Energy price inflation in the region soared to 33.7% year-on-year in March, up from 26.6% in February. Year-on-year inflation in the G20 area increased to 7.9% in March compared with 6.8% in February 2022.
The US annual inflation rate hit 8.3% in April after posting the largest 12-month rise in March since December 1981.
China’s annual inflation rate rose to 2.1% in April, up from 1.5% in March.
In Canada, the annual inflation rate was 6.7% in March, the highest level for 31 years.
The Netherlands saw a double-digit figure in the inflation rate of 11.2% in April.
Australia’s inflation rate also hit a 20-year-high of 5.1% in the first quarter of this year.
Inflation in Japan hit a 26-month high of 0.8% in March.
Meanwhile, Turkey’s annual inflation rate hit 69.97% in April.
The eurozone’s annual inflation rate was at 7.5% in April, up from 7.4% in March and 1.6% in April 2021. The main contributor of the price increases was energy, followed by food-alcohol-tobacco and non-energy industrial goods and services in April.
Germany’s annual inflation was at 7.4% in April, an all-time high for the second month in a row.
In France, the annual inflation rate was 5.4% in April, while energy prices increased 26.6% in the country on a yearly basis.
Annual consumer inflation in the UK hit its highest-ever level of 7% in March.
Prices in Denmark increased by 6.7% year-on-year in April, the highest rise since 1984.
Annual inflation in Greece rose to 10.2% in April from 8.9% in the previous month, the first double-digit rate in 27 years.
The rate also reached 7.2% in Portugal in April, the highest level since March 1993, 6.2% in Italy and 8.3% in Spain.
Meanwhile, economic administrations all around the world tried to take measures to ease prices.
The International Monetary Fund (IMF) said in its World Economic Outlook report that inflation hovered above 5% in more than half of 40 countries classified as advanced economies and such high inflation has not been seen for more than 20 years.
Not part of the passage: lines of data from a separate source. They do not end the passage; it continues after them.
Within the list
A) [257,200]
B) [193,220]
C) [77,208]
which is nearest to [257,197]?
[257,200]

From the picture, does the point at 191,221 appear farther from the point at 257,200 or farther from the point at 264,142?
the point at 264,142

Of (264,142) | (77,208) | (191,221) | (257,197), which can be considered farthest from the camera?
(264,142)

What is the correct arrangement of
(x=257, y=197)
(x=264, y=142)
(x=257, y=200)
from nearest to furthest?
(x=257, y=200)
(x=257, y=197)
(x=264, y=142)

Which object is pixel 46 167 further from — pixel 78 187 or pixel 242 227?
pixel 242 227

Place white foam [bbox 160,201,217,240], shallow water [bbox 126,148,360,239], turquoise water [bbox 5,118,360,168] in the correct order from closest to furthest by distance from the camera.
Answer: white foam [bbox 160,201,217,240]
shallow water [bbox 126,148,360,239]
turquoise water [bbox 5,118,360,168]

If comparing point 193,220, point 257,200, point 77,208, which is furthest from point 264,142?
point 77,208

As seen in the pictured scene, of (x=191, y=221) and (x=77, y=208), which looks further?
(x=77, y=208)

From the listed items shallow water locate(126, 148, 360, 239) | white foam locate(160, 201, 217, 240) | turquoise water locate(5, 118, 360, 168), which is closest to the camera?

According to the IMF’s report in April, inflation is expected to reach 8.7% in developing economies this year.
The US Federal Reserve increased its policy rate by 50 basis points at its two-day meeting last week.
The Fed’s aggressive move, the steepest rate hike since 2000, carried the benchmark rate to a range of 0.75% to 1%.
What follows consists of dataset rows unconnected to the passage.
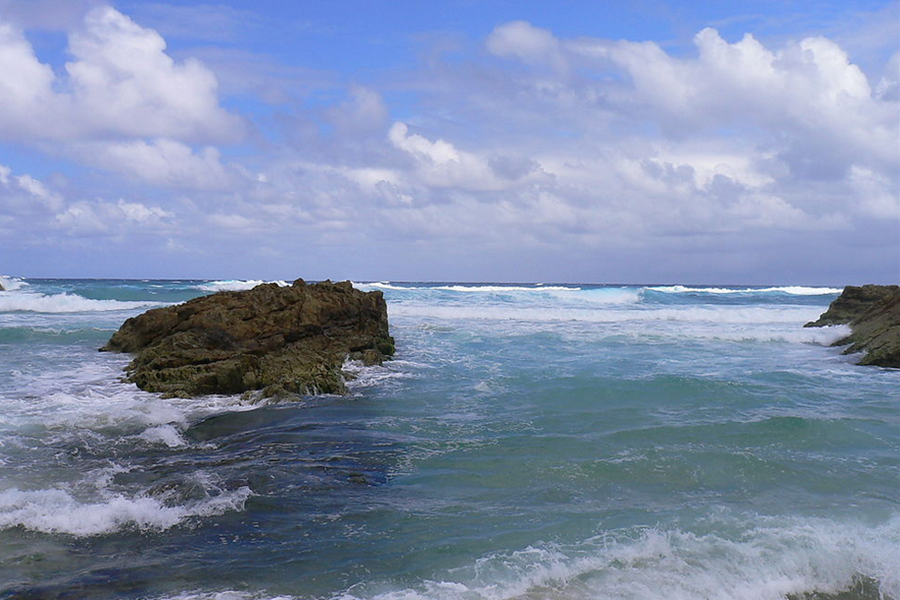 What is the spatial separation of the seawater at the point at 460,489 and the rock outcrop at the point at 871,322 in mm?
1741

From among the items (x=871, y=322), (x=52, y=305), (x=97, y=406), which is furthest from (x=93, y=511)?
(x=52, y=305)

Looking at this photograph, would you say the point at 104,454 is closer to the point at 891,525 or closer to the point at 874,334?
the point at 891,525

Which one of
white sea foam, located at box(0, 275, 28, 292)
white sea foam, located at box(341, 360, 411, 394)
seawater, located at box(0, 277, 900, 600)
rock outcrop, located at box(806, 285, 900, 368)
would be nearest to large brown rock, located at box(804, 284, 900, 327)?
rock outcrop, located at box(806, 285, 900, 368)

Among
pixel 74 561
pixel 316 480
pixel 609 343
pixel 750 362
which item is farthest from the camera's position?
pixel 609 343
The Bank of England last week also raised interest rates by 25 basis points to 1%, the highest level since 2009, after another hike of 25 basis points in March.
Meanwhile, the European Central Bank (ECB) kept its key interest rates unchanged at its April meeting.
The governor of Germany’s central bank, Joachim Nagel, recently called for taking measures to cope with rising inflation in the euro area.
If the incoming data signals for an interest rate hike in June, Nagel said he will advocate a first step normalizing ECB interest rates in July.